The United Nations (UN) Secretary General Antonio Guterres will open the UN Climate Action Summit on Monday with a climate emergency declaration while wanted posters of Shell, BP, ExxonMobil and Chevron CEOs pictured as "climate criminals" are spread across New York.
The draft program of the summit will begin with an opening speech from Guterres at 10.00 EDT, followed by a speech from young climate activist Greta Thunberg.
The wanted posters of the leaders of the fossil fuel companies are indicative that the non-governmental organizations (NGOs) are targeting this industry during the summit.

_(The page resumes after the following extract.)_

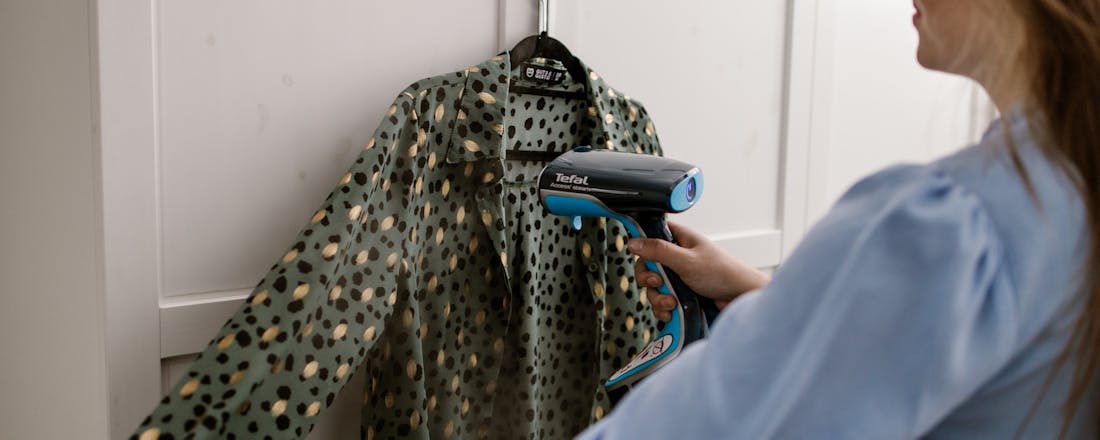 kleding stomen Kledingstomer of stoomstrijkijzer: wat gebruik je waarvoor?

This is largely because a Carbon Tracker report released at the beginning of the month found that oil and gas companies since 2018 have approved $50 billion investment in major projects undermining climate targets.
According to the report, no major oil company has made investments to support the Paris goals of keeping global temperatures well below 2˚C.
Nonetheless, a number of multilateral banks already announced their divestment from fossil fuel companies.
Prior to the summit late Sunday, multilateral Development Banks (MDB) already unveiled their plans to increase the global climate action investments they support each year to $175 billion by 2025.
These include the European Bank for Reconstruction and Development, Asian Development Bank, Islamic Development Bank, the World Bank, European Investment Bank, African Development Bank Group, New Development Bank, Asian Infrastructure and Investment Bank and Inter-American Development Bank.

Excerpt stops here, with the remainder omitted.